Attorney Robbie Ashe, a partner at Bondurant Mixson, said his practice focuses on local government and constitutional issues.

“I’ve probably argued more of those to the Georgia Supreme Court than anyone else over the last decade,” he said. “And there are a number of places where this legislation poses serious constitutional problems that will result in more employment for me should it become law.”

A major issue that is not addressed is water and sewer, Ashe said.

“Water and sewer systems follow geographic boundaries, not political boundaries,” he said.

The city’s system serves as the cornerstone of the regional system for decades and provides water and sewer service to 1.2 million people on a daily basis, he said.

“It’s not just the city of Atlanta itself,” he said. “There is no separate bucket system that could be taken out and left alone without an impact on the rest of the regional system. And to give it to an entity that has no experience is too risky to significant environmental issues downstream.”

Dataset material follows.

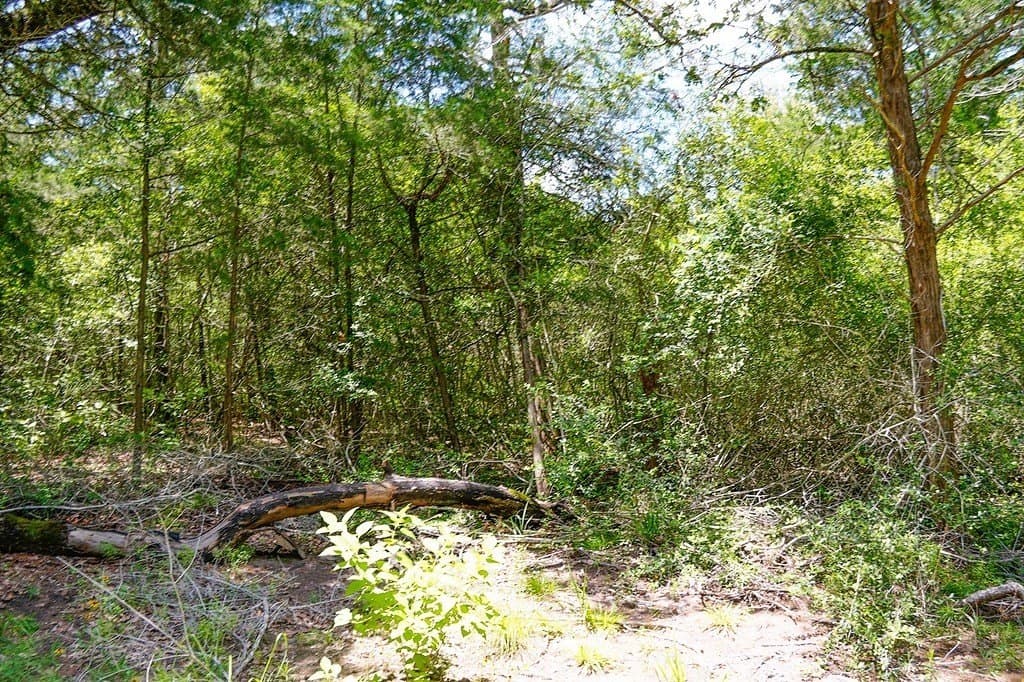 21.42 acres in Fayette County - photo 6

Sen. Ginn said the committee would meet Monday, Feb. 27, to discuss the bills and vote on whether or not to send them to the Rules Committee. The Rules Committee then votes to send the bills to the Senate floor. The bills would need at least 29 of the 56 senators to vote in favor before they would be sent to the House for a vote.

Dyana Bagby

Dyana Bagby is a staff writer for Reporter Newspapers and Atlanta Intown.